## Data entries
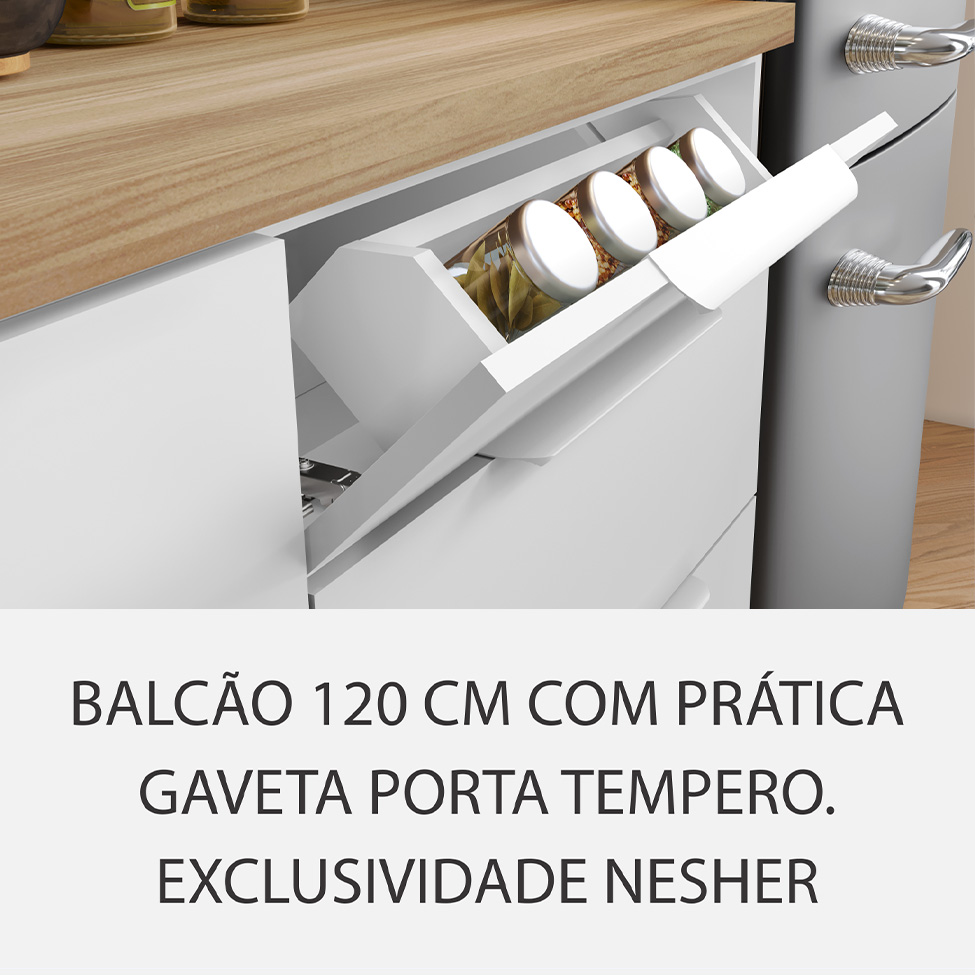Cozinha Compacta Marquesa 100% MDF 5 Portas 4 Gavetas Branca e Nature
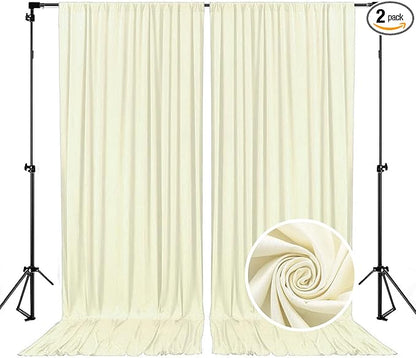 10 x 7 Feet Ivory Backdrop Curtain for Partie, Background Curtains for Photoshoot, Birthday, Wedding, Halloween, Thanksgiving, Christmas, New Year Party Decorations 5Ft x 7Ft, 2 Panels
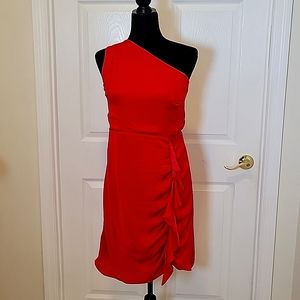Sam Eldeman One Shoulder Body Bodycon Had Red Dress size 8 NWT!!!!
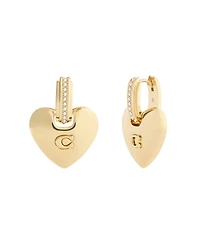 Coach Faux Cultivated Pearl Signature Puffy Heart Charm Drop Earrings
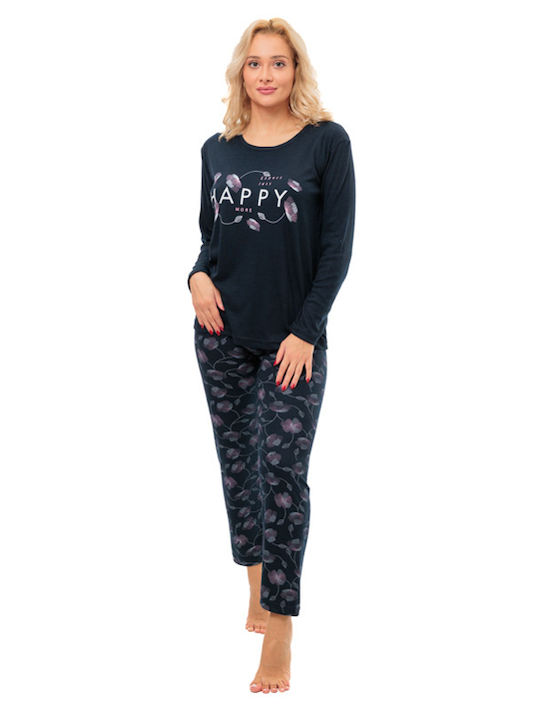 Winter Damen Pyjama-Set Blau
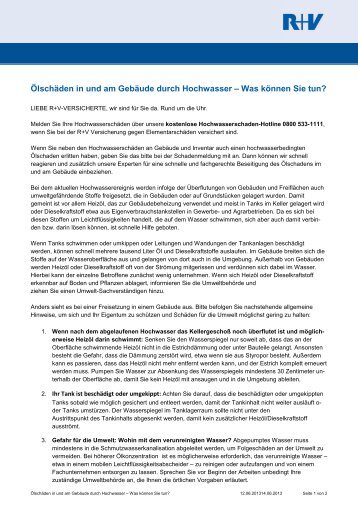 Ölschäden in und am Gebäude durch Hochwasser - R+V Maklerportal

## Exercise requirements
Please, without any pictures, print each entry exactly.

## Response area
Cozinha Compacta Marquesa 100% MDF 5 Portas 4 Gavetas Branca e Nature
 10 x 7 Feet Ivory Backdrop Curtain for Partie, Background Curtains for Photoshoot, Birthday, Wedding, Halloween, Thanksgiving, Christmas, New Year Party Decorations 5Ft x 7Ft, 2 Panels
Sam Eldeman One Shoulder Body Bodycon Had Red Dress size 8 NWT!!!!
 Coach Faux Cultivated Pearl Signature Puffy Heart Charm Drop Earrings
 Winter Damen Pyjama-Set Blau
 Ölschäden in und am Gebäude durch Hochwasser - R+V Maklerportal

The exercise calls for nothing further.